* What to do *
What should come back is the data below, word for word, minus any picture.
Start of Material to process
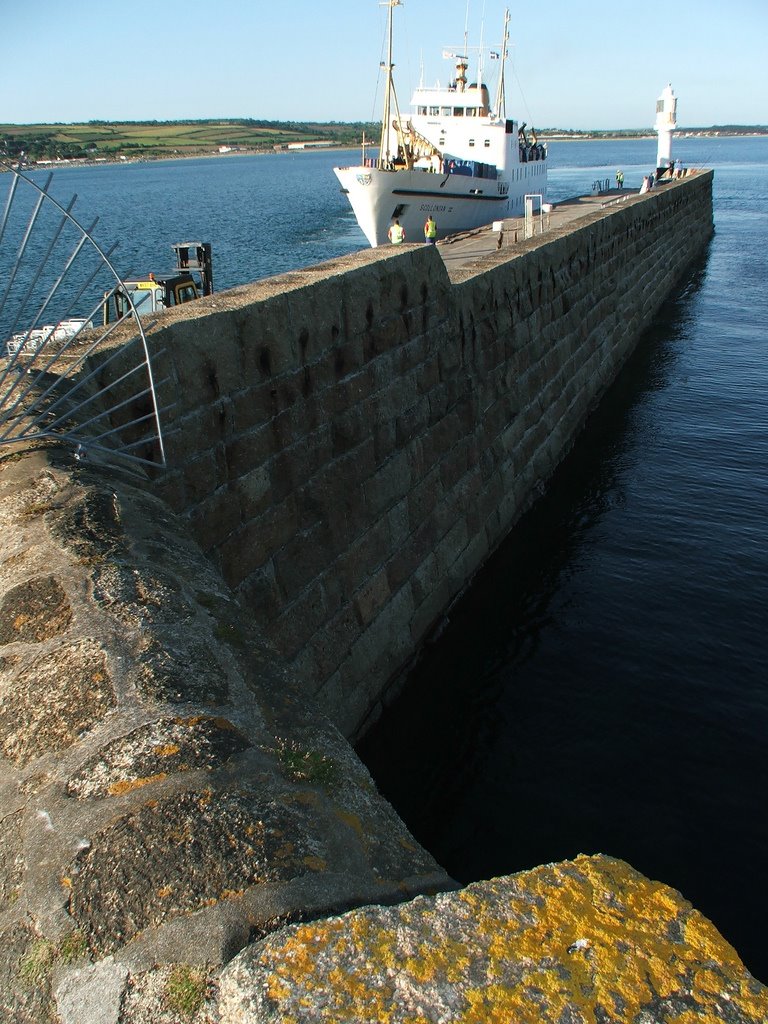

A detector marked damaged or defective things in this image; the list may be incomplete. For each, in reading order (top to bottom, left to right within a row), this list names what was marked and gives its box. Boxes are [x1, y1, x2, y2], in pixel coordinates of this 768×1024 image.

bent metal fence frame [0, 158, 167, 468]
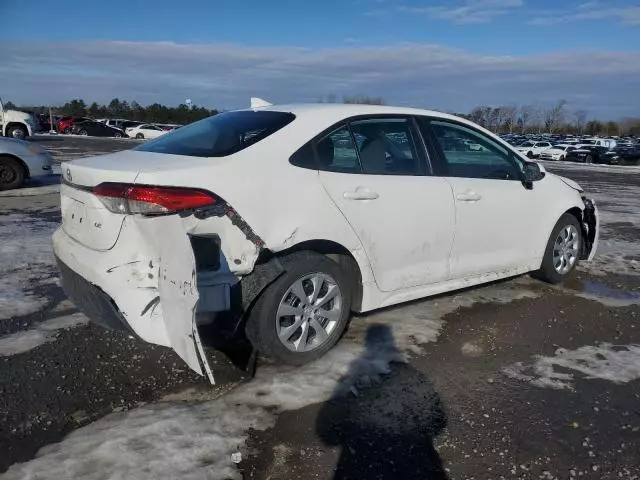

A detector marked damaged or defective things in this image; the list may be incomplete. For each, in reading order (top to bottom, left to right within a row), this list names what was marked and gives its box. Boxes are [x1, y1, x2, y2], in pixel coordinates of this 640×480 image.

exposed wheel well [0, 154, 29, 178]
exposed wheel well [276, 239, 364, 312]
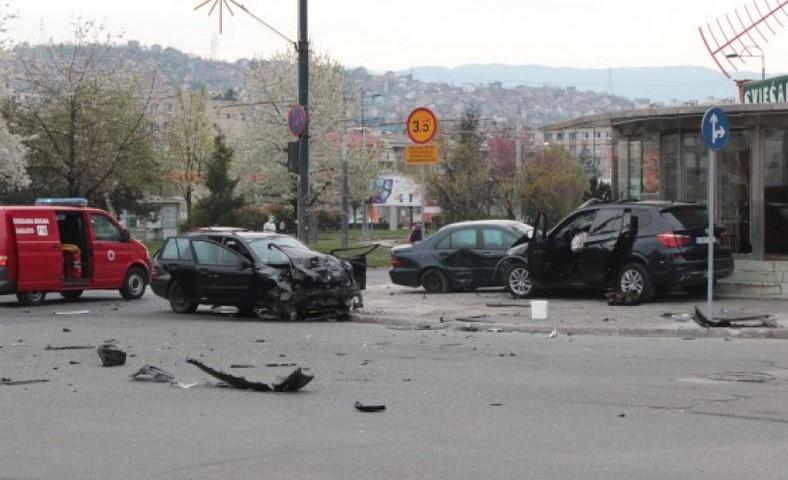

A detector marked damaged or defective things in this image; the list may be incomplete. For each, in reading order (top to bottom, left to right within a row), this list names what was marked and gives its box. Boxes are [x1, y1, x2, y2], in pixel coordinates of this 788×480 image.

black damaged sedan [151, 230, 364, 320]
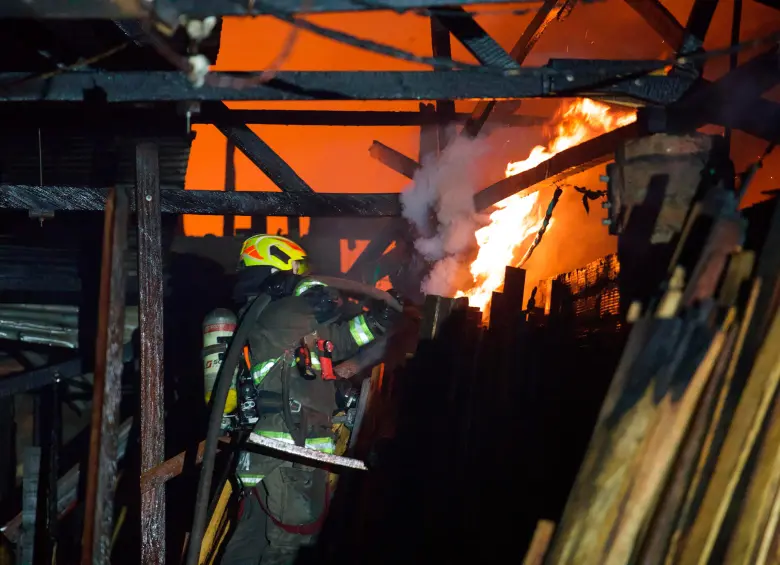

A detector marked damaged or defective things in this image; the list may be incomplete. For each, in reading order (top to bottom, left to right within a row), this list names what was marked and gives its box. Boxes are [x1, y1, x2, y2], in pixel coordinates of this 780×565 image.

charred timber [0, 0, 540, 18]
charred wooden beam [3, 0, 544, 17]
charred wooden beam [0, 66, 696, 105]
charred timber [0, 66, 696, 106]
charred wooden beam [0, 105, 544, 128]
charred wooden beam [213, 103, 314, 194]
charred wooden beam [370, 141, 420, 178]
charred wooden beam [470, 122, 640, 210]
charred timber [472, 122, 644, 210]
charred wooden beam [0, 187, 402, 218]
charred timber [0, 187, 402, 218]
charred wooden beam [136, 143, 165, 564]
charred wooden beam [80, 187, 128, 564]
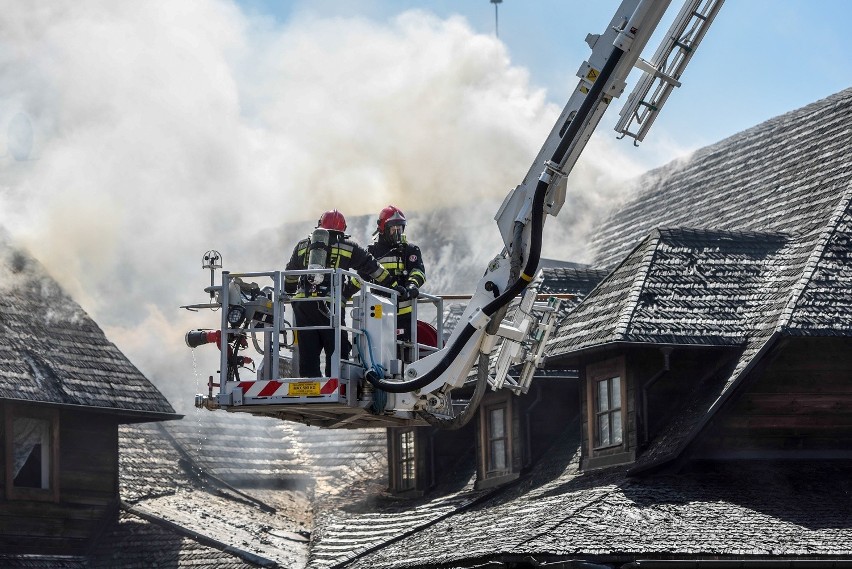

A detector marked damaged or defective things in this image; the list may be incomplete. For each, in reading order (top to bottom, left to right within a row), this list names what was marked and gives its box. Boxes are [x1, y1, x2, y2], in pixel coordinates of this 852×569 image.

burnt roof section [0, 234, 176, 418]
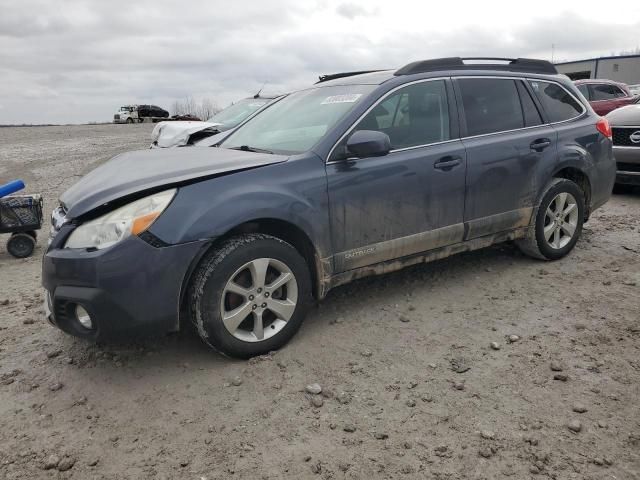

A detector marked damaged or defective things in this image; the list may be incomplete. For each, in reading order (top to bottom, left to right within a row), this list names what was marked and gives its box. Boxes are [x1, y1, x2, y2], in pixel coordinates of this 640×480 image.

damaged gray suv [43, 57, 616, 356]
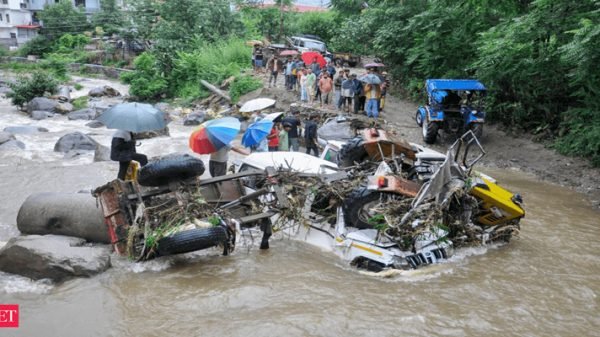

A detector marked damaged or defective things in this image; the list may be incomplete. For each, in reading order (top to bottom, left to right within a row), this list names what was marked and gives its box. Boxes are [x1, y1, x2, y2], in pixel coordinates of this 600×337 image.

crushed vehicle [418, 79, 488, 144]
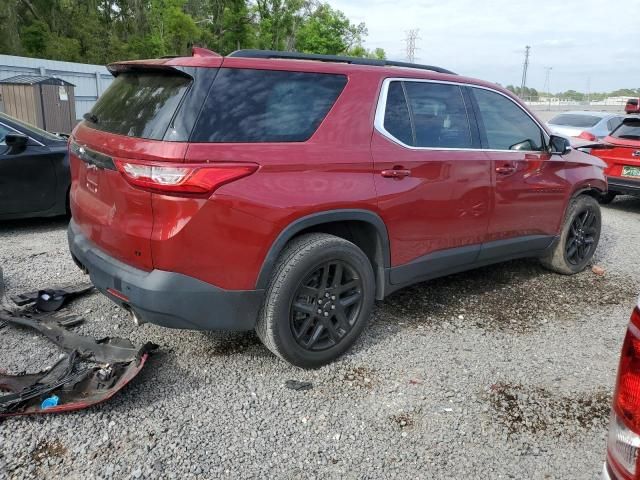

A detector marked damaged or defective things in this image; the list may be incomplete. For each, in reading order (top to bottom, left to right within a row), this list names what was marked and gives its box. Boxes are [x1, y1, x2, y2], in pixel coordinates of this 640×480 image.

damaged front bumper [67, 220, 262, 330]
End of Material to process
* Exercise answer *
A detector marked damaged or defective things in this image; the list may be incomplete. For each, in reading order (top to bottom, left to right within a row), this list names what was marked and gives its box. Boxes are [x1, y1, x2, y2], in pixel coordinates of this 768×1024 image.

bent metal fence frame [0, 158, 167, 468]

A detector marked damaged or defective things in this image; the list may be incomplete. For each, in reading order (top to bottom, left to right within a row), this list names what was marked and gives its box. Boxes are [x1, y1, x2, y2], in pixel coordinates of this 640×480 image.

exposed wheel well [0, 154, 29, 178]
exposed wheel well [276, 239, 364, 312]

A detector marked damaged or defective things in this image; the list may be incomplete. For each, in reading order (top to bottom, left to right within a row), this list names what was marked and gives its box. Boxes are [x1, y1, x2, y2], in pixel coordinates of this 788×480 image.

black damaged sedan [151, 230, 364, 320]

A detector marked damaged or defective things in this image; the list may be incomplete. For each, in reading order (top to bottom, left to right within a row), this list names what was marked and gives its box. Boxes are [x1, y1, x2, y2], in pixel coordinates of this 780×565 image.

charred timber [0, 0, 540, 18]
charred wooden beam [3, 0, 544, 17]
charred wooden beam [0, 66, 696, 105]
charred timber [0, 66, 696, 106]
charred wooden beam [0, 105, 544, 128]
charred wooden beam [213, 103, 314, 194]
charred wooden beam [370, 141, 420, 178]
charred wooden beam [470, 122, 640, 210]
charred timber [472, 122, 644, 210]
charred wooden beam [0, 187, 402, 218]
charred timber [0, 187, 402, 218]
charred wooden beam [136, 143, 165, 564]
charred wooden beam [80, 187, 128, 564]

A detector marked damaged or defective things in this image; the list may be incomplete. For each, in reading order (top to bottom, left to right within a row), this list names what was marked and gives its box. Boxes are [x1, y1, x2, y2], in pixel coordinates of this 852×569 image.

burnt roof section [0, 234, 176, 418]

A detector marked damaged or defective things in this image; the list may be incomplete. For each, in reading order (top to bottom, left to right within a row), this list names what was marked and gives its box. Boxes are [x1, y1, x2, y2], in pixel coordinates of this 640×480 image.

damaged gray suv [43, 57, 616, 356]

A detector marked damaged or defective things in this image; the list may be incomplete. For each, in reading order (top to bottom, left to right within a row), this list names what was marked and gives its box. Boxes are [x1, y1, x2, y2], in pixel coordinates of this 600×337 image.

crushed vehicle [418, 79, 488, 144]

A detector marked damaged or defective things in this image; the list may be incomplete. For each, in reading order (top to bottom, left to right within a row), this list names what was marked and gives its box. Boxes are [x1, y1, x2, y2], in pixel coordinates of this 640×480 image.

damaged front bumper [67, 220, 262, 330]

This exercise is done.